To see additional memorials from Virginia, or any other state, please click the state name on the left side of this page.

Tuesday, August 21, 2018


Driving through Waynesboro, Pa., recently I passed what was obviously a memorial of some kind. I couldn't stop then and besides I had no cameras (how often will I make that mistake?) but I determined to return and check it out.

Located in the historic Green Hill Cemetery it was dedicated not too very long ago and commemorates those lost in all wars since the Civil War, who are buried at Green Hill.

The five 5x9 granite markers honor each branch of service and the the names are listed by where and sometimes how these heroes served and died.

Located on S. Potomac Street it is easily seen as you exit Waynesboro back towards

Next time, on the 26th, we will return to Virginia, so, Meet me there, as always, at 9:00am.

To see additional memorials from Pennsylvania, or any other state, click the state name on the left side of this page.

Thursday, August 16, 2018

New York XVII

Eisenhower Park is a wonderful tribute to many of our Nation's heroes. You can find many memorials here and I have written before about just one of the ones to Vietnam. There is also a great 9-11 Memorial, among the many resting here. Perhaps I will feature it at another time.

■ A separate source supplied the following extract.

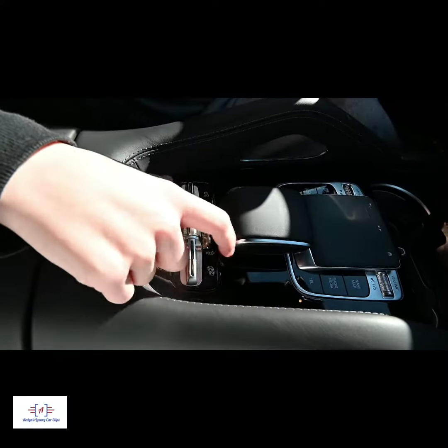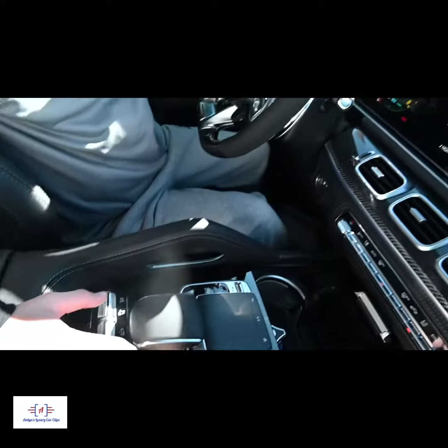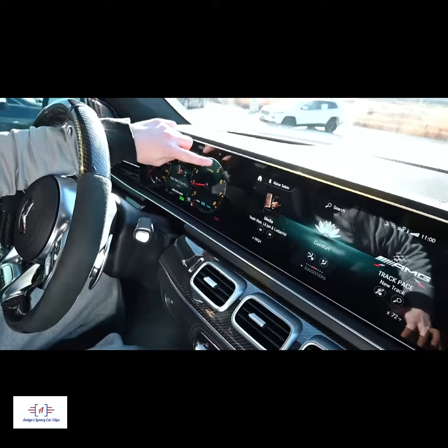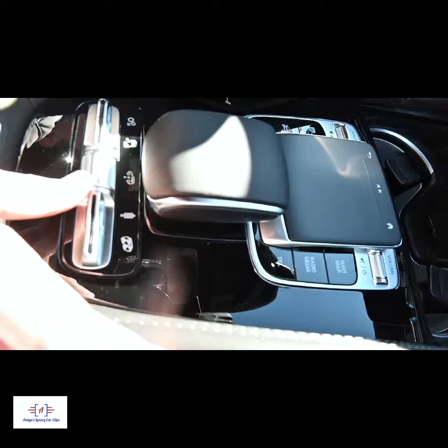You have your suspension where you can lower or raise the car. It shows on here, and if you press that it shows the car raising, as you can see.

Today, I want to share the POW memorial we encountered immediately upon entering the park.

It, of course, honors all POW's, but is a little different due to the barbed wire encased upon the top.

A haunting depiction of POWs is emblazoned on the side.

Dog tags list the wars in which our soldiers were imprisoned.

At another time I will show you the other Vietnam memorial here and also a separate one to commemorate those lost to Agent Orange.

Eisenhower Park is located in East Meadows on Long Island and covers nearly 1000 acres.